Keywords: Anterior approach, coronal flap, minimally invasive, pan-facial, posterior approach


How to cite this article:
Nseir S, Abu Shqara F, Krasovsky A, Rachmiel A. Surgical dilemmas in multiple facial fractures – Coronal flap versus minimally invasive: Case report and literature review. Ann Maxillofac Surg 2021;11:191-4

How to cite this URL:
Nseir S, Abu Shqara F, Krasovsky A, Rachmiel A. Surgical dilemmas in multiple facial fractures – Coronal flap versus minimally invasive: Case report and literature review. Ann Maxillofac Surg [serial online] 2021 [cited 2021 Dec 5];11:191-4. Available from: https://www.amsjournal.com/text.asp?2021/11/1/191/322262


  Introduction Top


Pan-facial trauma accounts for 4%–10% of all facial fractures.[1] These fractures are defined as complex facial fractures that involve the upper, middle, and lower thirds of the face.[2]

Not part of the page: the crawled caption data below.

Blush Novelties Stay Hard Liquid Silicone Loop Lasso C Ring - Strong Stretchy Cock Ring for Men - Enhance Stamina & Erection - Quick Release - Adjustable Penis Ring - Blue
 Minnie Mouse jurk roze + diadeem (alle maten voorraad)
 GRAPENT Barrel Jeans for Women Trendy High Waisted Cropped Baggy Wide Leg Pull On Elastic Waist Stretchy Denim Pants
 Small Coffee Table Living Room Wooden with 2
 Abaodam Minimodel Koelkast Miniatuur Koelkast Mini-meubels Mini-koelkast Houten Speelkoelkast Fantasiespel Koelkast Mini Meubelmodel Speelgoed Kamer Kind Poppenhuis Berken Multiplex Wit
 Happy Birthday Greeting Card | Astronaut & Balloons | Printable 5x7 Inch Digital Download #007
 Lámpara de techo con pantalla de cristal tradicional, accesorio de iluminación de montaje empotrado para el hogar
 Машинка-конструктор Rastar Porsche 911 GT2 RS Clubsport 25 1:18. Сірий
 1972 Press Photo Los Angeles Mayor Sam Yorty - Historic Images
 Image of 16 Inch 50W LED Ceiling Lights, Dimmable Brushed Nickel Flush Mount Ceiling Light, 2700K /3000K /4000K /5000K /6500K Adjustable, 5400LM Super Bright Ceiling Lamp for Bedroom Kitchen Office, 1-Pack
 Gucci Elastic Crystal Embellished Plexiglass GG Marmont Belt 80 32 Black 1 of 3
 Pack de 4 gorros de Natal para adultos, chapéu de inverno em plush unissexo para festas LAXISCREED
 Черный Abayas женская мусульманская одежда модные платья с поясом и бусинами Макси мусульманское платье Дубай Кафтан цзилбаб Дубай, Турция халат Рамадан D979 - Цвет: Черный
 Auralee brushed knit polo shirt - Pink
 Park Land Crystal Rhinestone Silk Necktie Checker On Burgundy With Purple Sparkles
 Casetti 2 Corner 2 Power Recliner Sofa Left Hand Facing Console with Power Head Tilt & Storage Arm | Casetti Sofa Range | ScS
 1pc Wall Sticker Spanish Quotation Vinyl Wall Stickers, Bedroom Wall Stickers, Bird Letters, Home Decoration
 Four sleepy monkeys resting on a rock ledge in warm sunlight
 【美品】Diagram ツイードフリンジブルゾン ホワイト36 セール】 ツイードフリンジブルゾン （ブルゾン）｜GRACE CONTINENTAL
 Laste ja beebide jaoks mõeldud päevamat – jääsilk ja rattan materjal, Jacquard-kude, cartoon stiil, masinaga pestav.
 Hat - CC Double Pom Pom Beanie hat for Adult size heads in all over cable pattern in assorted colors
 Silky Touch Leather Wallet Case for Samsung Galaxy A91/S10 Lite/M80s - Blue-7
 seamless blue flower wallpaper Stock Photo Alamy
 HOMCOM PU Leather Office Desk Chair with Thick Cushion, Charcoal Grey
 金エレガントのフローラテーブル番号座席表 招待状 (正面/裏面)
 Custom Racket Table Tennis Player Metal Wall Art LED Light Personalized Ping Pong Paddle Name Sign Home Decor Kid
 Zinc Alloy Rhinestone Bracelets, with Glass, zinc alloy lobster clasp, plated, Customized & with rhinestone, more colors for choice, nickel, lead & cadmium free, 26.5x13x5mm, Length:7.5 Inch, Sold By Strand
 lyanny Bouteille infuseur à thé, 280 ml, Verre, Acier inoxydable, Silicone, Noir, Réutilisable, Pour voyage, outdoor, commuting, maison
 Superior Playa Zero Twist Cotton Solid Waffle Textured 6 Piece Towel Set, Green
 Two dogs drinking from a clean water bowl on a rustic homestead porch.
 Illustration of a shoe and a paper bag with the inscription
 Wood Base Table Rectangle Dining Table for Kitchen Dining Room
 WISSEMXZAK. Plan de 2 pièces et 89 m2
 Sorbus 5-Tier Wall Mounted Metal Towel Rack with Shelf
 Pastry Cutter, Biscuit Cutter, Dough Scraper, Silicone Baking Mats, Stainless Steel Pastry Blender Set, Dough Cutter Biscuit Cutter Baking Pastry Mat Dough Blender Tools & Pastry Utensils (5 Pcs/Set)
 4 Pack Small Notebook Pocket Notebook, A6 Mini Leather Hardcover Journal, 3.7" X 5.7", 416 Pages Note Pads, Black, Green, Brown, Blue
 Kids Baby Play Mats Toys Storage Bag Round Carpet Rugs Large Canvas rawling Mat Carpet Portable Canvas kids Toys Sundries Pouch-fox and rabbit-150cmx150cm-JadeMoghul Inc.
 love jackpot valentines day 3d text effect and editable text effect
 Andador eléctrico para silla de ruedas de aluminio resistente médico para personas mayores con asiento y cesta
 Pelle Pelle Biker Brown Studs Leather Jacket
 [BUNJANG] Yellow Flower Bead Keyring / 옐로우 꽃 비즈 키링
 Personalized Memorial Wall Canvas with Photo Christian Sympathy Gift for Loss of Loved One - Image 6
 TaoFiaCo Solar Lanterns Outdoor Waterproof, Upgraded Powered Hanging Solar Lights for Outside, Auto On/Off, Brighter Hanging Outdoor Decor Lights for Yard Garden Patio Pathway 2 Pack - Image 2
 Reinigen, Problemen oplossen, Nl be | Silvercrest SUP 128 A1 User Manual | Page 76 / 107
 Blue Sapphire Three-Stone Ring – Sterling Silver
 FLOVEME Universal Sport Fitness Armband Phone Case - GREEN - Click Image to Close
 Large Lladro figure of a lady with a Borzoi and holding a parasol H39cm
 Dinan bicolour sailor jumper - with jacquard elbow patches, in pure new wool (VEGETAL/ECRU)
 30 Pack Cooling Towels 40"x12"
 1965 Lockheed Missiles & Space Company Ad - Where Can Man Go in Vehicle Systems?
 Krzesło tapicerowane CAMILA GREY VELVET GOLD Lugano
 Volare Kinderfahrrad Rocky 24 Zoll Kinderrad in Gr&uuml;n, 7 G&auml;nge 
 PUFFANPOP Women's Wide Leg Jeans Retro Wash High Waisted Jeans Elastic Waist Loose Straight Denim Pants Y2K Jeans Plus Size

The management of these fractures can be challenging even for the most experienced maxillofacial surgeons.[3] Treatment plan should begin with securing airway if needed, since the loss of a patent airway may be fatal.[4]

There is no consensus on the ideal approach to the treatment of pan-facial fractures, and several techniques have been proposed throughout the literature.[5]

The open reduction and internal fixation (ORIF) of the upper and middle-third facial fractures are performed mostly by coronal flap incisions.[6] The coronal flap (posterior approach) is the most popular approach and provides the best accessibility and superiority to both the intracranial injuries and the frontal sinus and zygomatic-maxillary complex.[2] The frontal sinus and the zygomatic arch are considered the most challenging to repair and can be visualized by releasing the temporalis muscle posteriorly by the coronal flap incision.[2]

Another management is the anterior approach, which includes lynch incisions.[2] This surgical approach could be an appropriate choice when considering the lower risk for postoperative complications such as permanent scarring of the face and sensory deficits.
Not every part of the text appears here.